◆ **Task to carry out**: Could you output each line below exactly as it appears, excluding any pictures?
▼
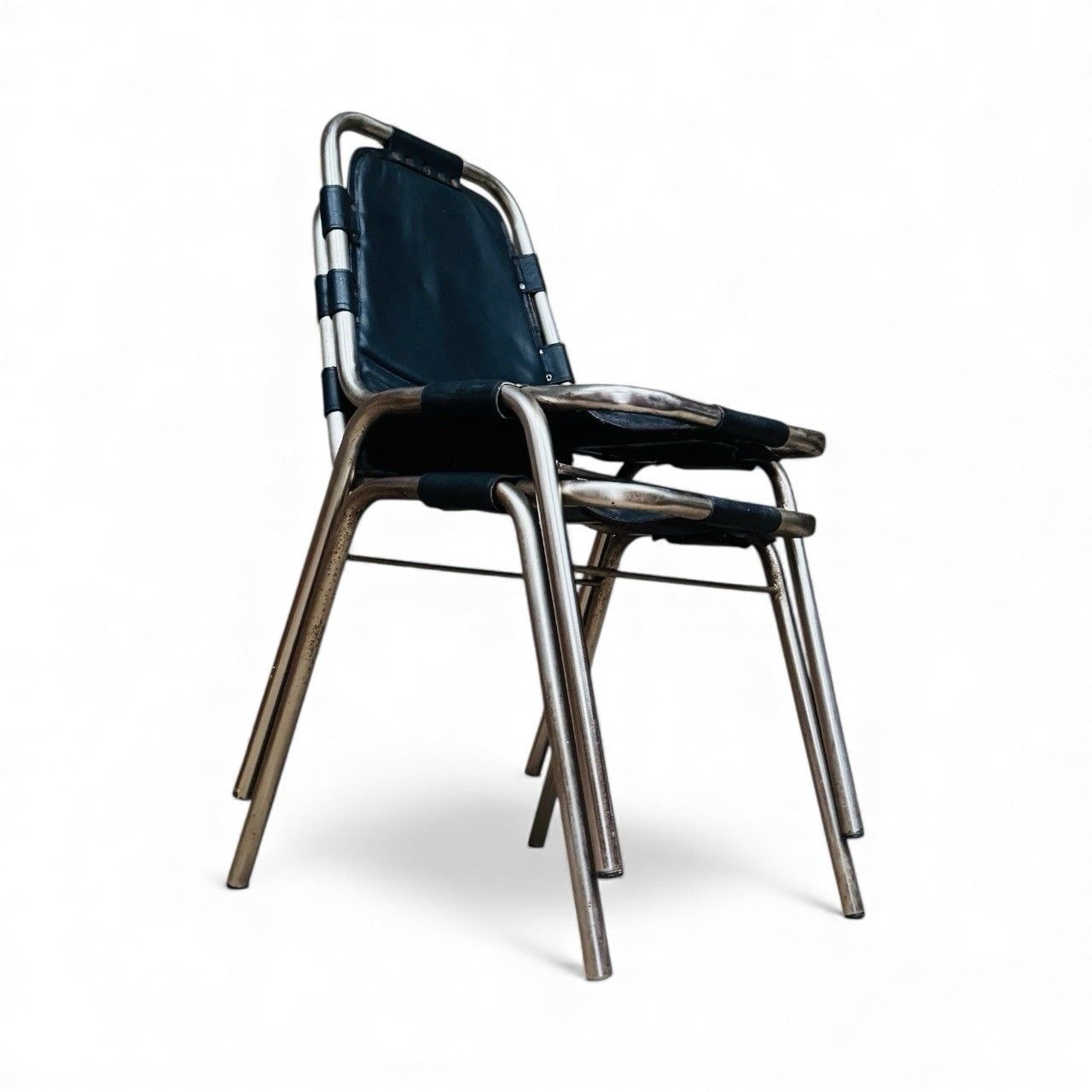 Set Of Four Les Arcs Steel And Leather Dining Chairs Charlotte Perriand Style photo vinterior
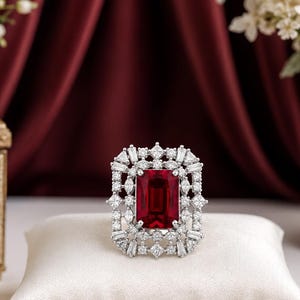 May include: A silver-toned ring featuring a large, rectangular, deep red center stone surrounded by a double halo of small, clear, brilliant-cut and baguette-cut stones, resting on a small, white, satin-covered display pillow.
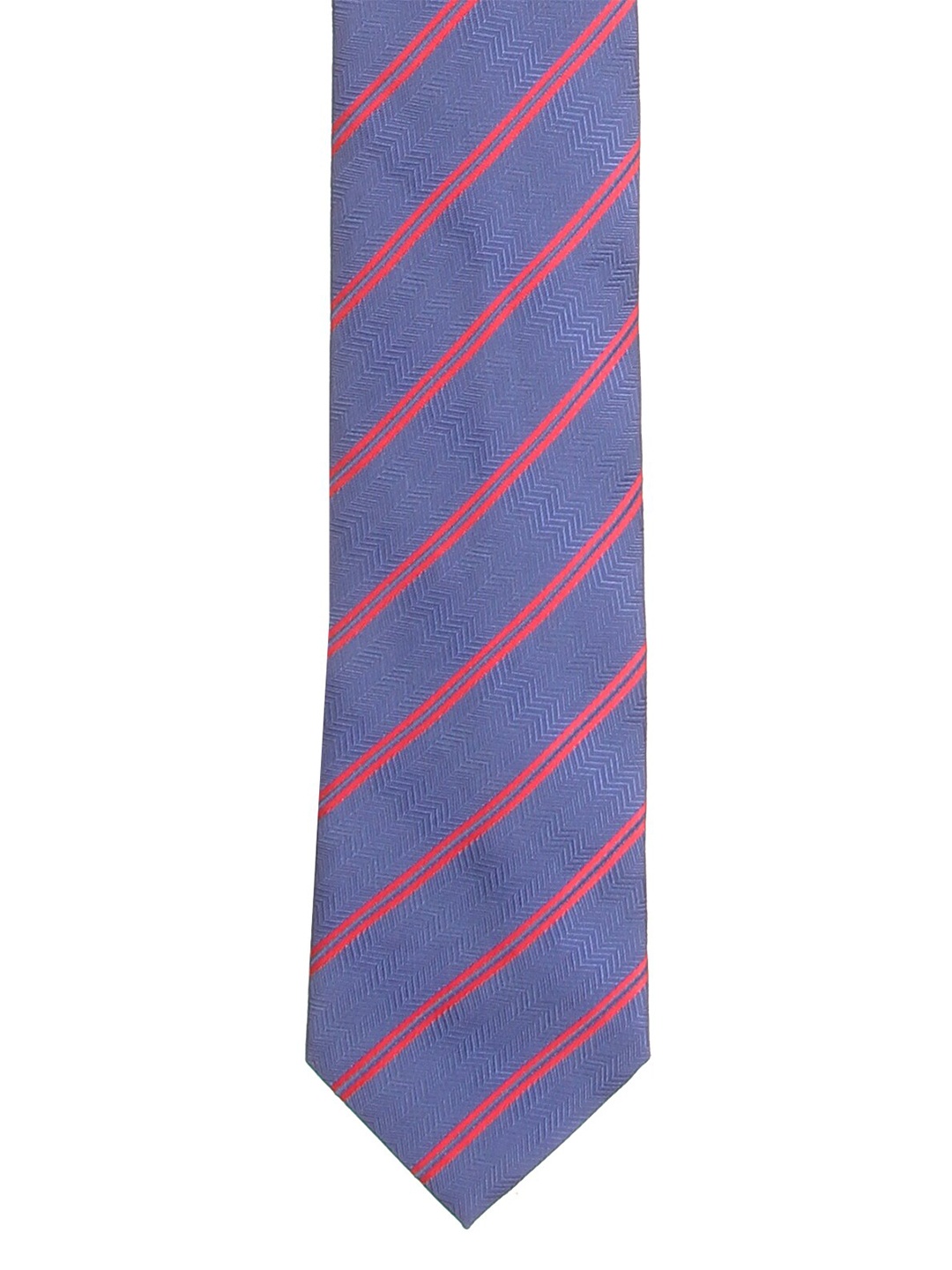 

Calvadoss Men Blue & Red Striped Broad Tie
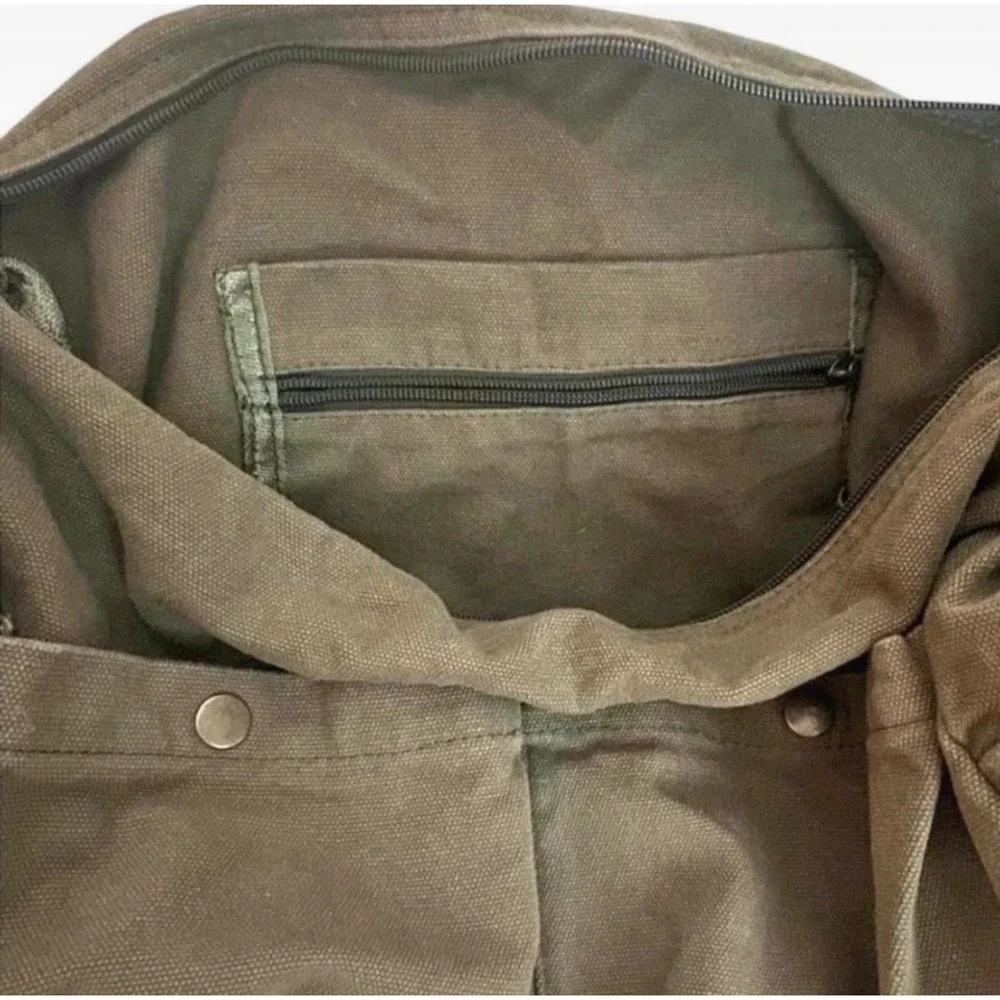 Awesome Unisex Canvas Crossbody Bag - Large capacity -  Khaki - New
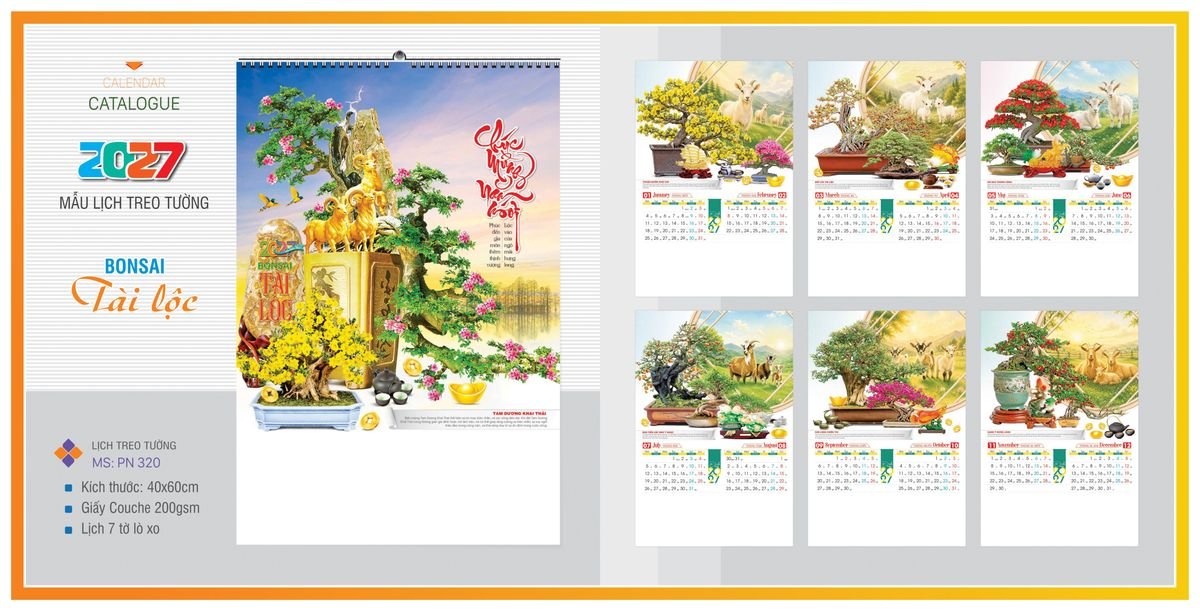 Lịch 7 Tờ Lò Xo TPNLX10 Ấn Phẩm Lịch Tết Eco Thân Thiện Môi Trường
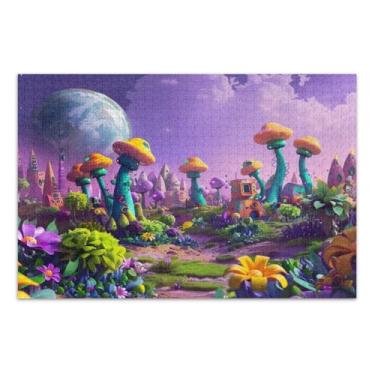 Imagem de Quebra-cabeça Alien Planet Magic Cogumelos 500 peças para adultos, peça grande, quebra-cabeça familiar com letras nas costas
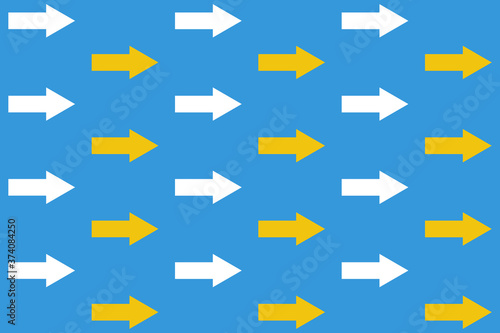 different arrow groups moving to same direction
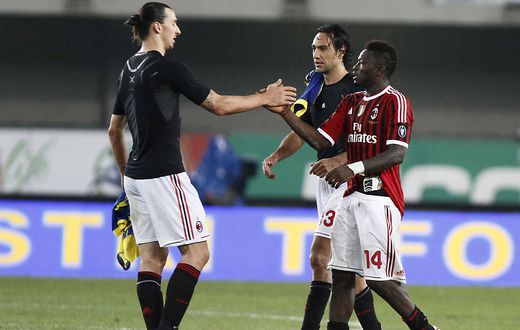 (L-R) Zlatan Ibrahimovic, Alessandro Nesta, Sulley Muntari (Milan), APRIL 10, 2012 - Football Soccer : Italian Serie A match between AC Chievo Verona 0-1 AC Milan at Stadio Marc Antonio Bentegodi in Verona, Italy.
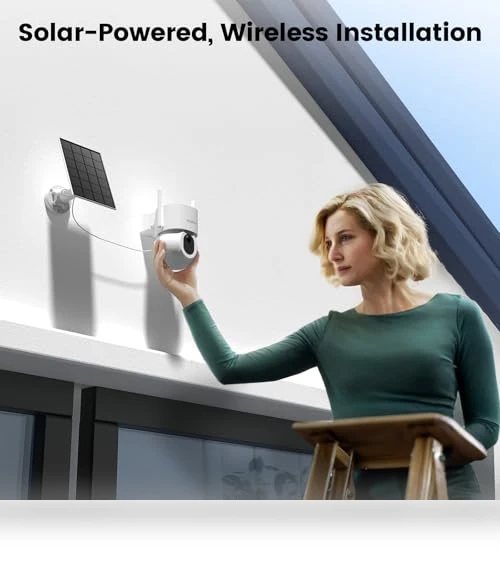 Solar Powered Outdoor Security Camera — Motion Sensors, AOSU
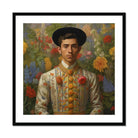 Prince Bernardino - Gay Mexican Royalty Art Print, Portrait Painting Figure Ornate Embroidered White Jacket Black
▲
◆ **Exercise answer**:
 Set Of Four Les Arcs Steel And Leather Dining Chairs Charlotte Perriand Style photo vinterior
 May include: A silver-toned ring featuring a large, rectangular, deep red center stone surrounded by a double halo of small, clear, brilliant-cut and baguette-cut stones, resting on a small, white, satin-covered display pillow.

Calvadoss Men Blue & Red Striped Broad Tie
 Awesome Unisex Canvas Crossbody Bag - Large capacity -  Khaki - New
 Lịch 7 Tờ Lò Xo TPNLX10 Ấn Phẩm Lịch Tết Eco Thân Thiện Môi Trường
 Imagem de Quebra-cabeça Alien Planet Magic Cogumelos 500 peças para adultos, peça grande, quebra-cabeça familiar com letras nas costas
 different arrow groups moving to same direction
 (L-R) Zlatan Ibrahimovic, Alessandro Nesta, Sulley Muntari (Milan), APRIL 10, 2012 - Football Soccer : Italian Serie A match between AC Chievo Verona 0-1 AC Milan at Stadio Marc Antonio Bentegodi in Verona, Italy.
 Solar Powered Outdoor Security Camera — Motion Sensors, AOSU
 Prince Bernardino - Gay Mexican Royalty Art Print, Portrait Painting Figure Ornate Embroidered White Jacket Black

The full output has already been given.